_YOUR OBJECTIVE:_
Reproduce only what runs from the line containing "Всенічне бдіння напередодні" to the line containing "Main Bedroom - 2621 Ida Ave" in the records below, inclusive. Keep it exact, and keep the pictures out.

[TASK MATERIAL — start]

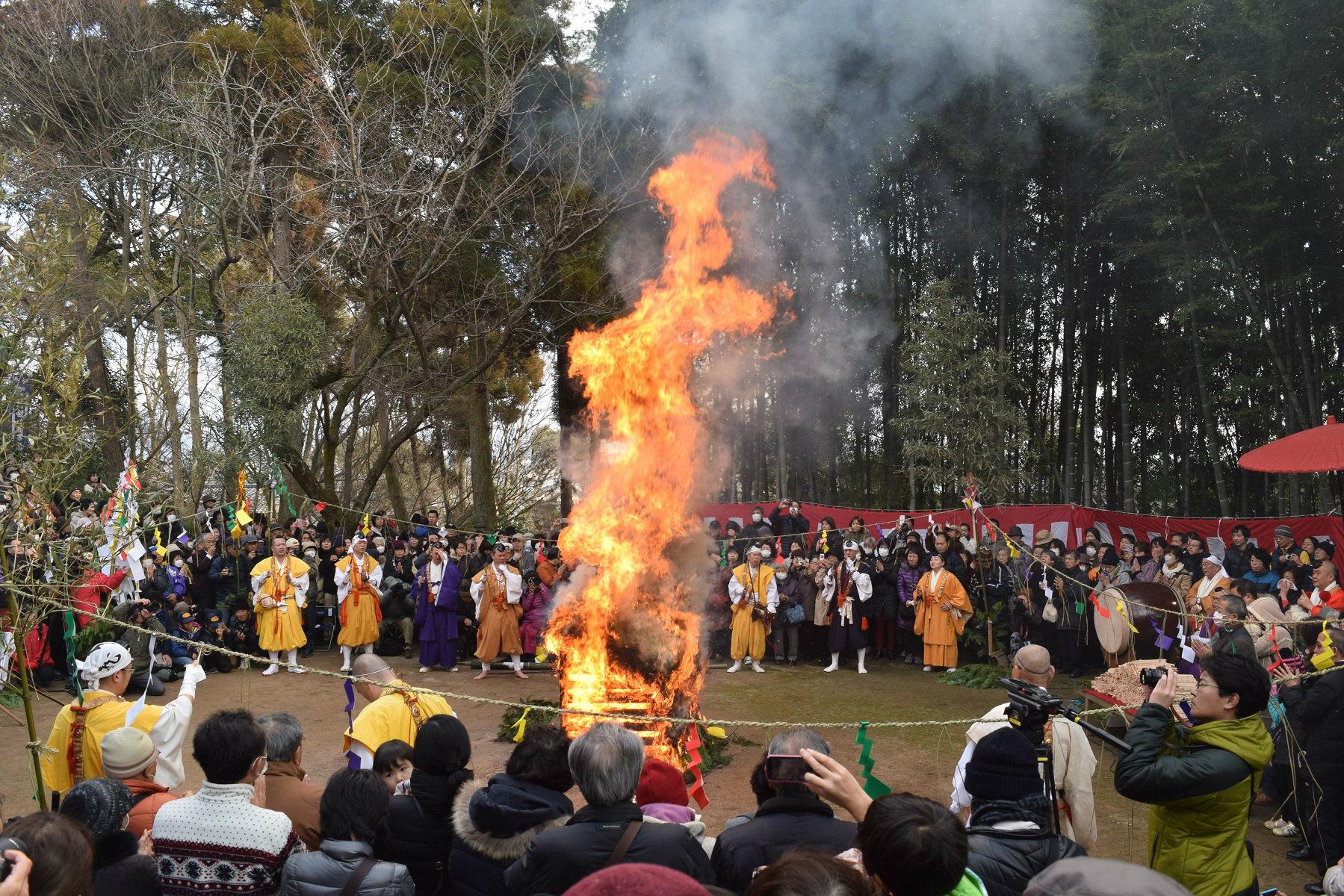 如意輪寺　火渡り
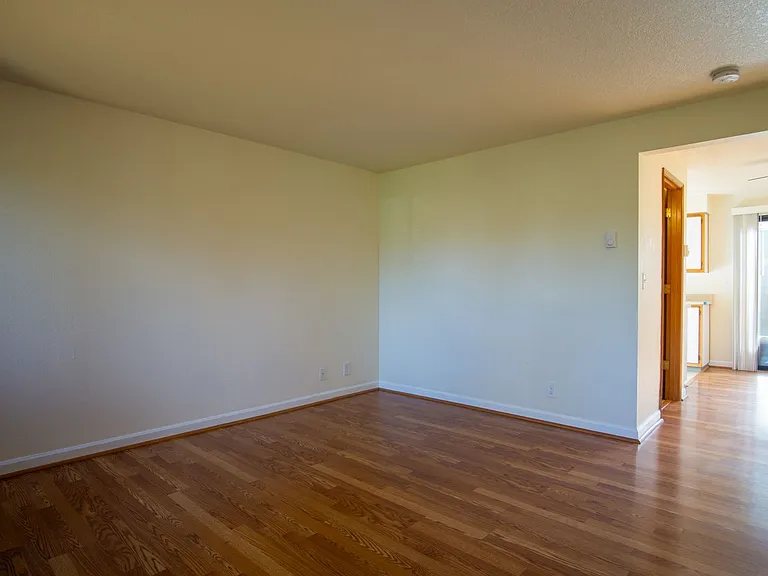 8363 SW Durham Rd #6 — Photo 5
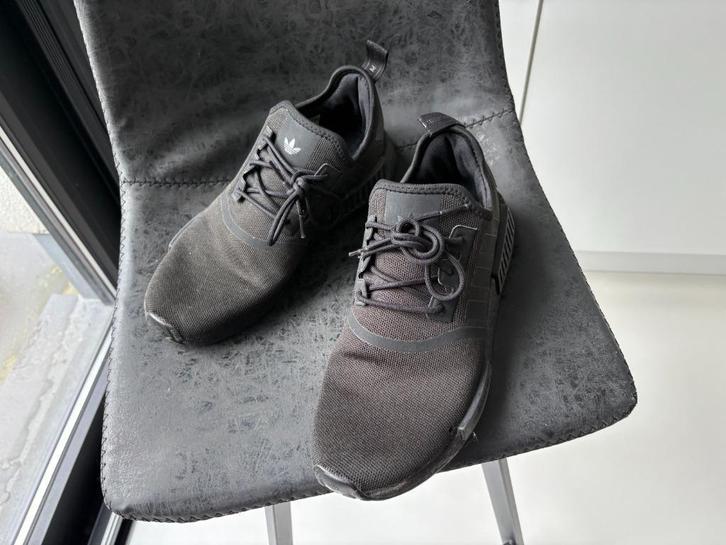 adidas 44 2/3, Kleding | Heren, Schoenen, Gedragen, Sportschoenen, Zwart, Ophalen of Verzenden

[TASK MATERIAL — finish]
[TASK MATERIAL — start]

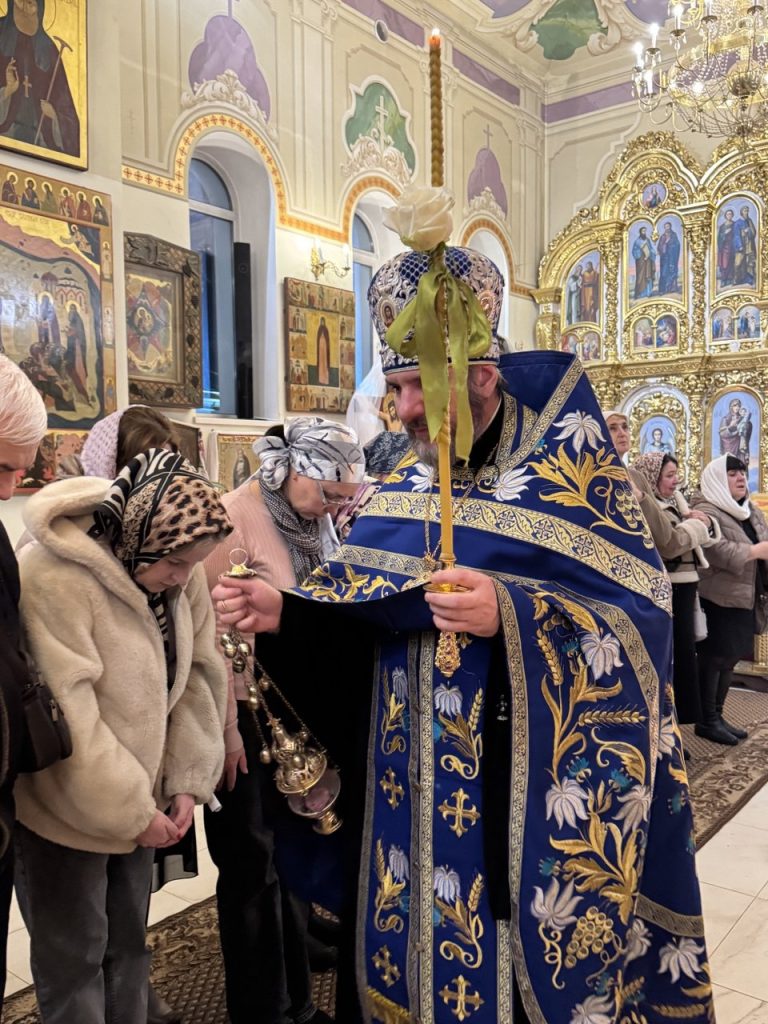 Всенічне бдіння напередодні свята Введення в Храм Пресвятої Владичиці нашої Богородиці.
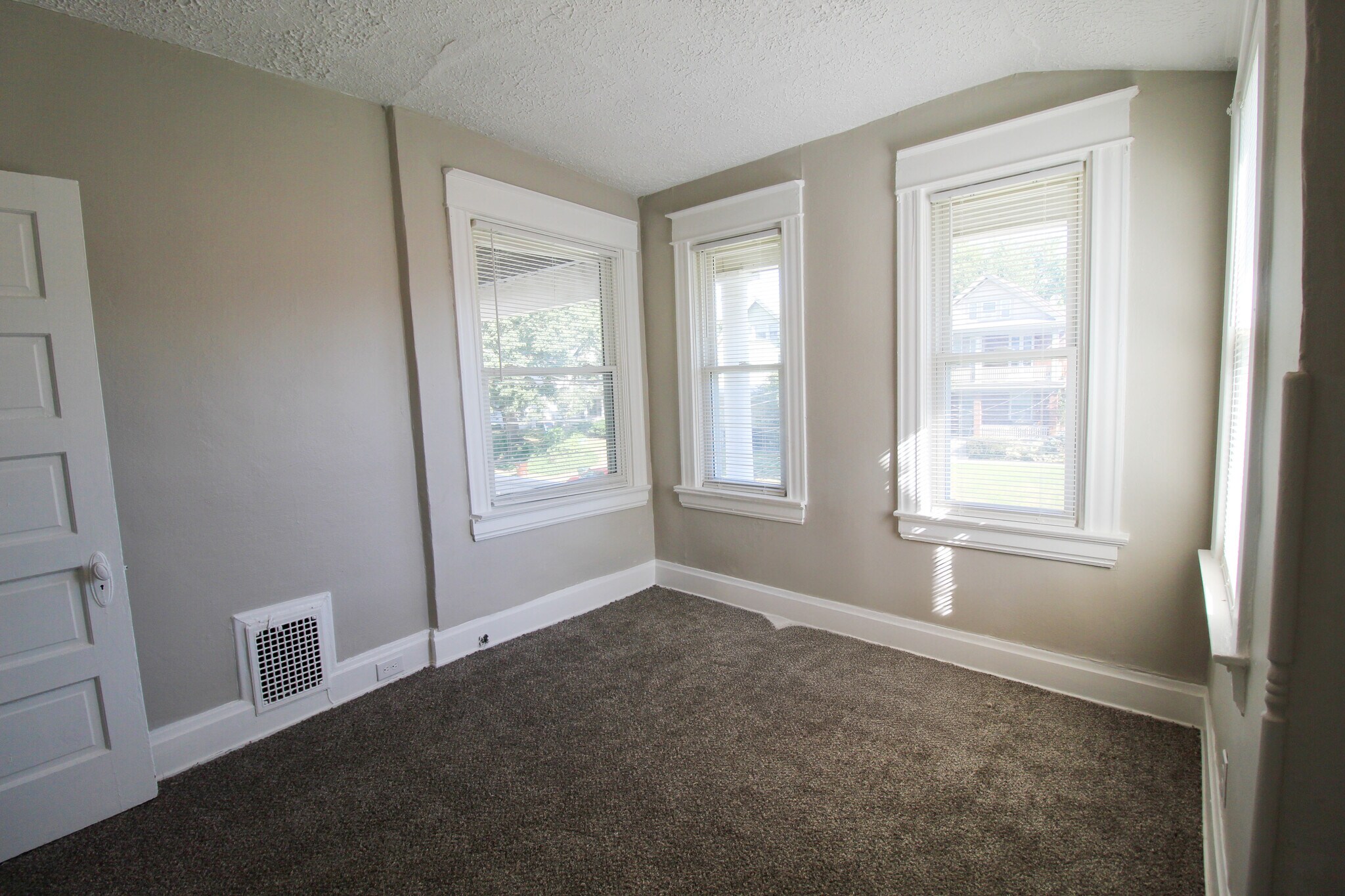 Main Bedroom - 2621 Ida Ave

[TASK MATERIAL — finish]

_RESULT:_
 Всенічне бдіння напередодні свята Введення в Храм Пресвятої Владичиці нашої Богородиці.
 Main Bedroom - 2621 Ida Ave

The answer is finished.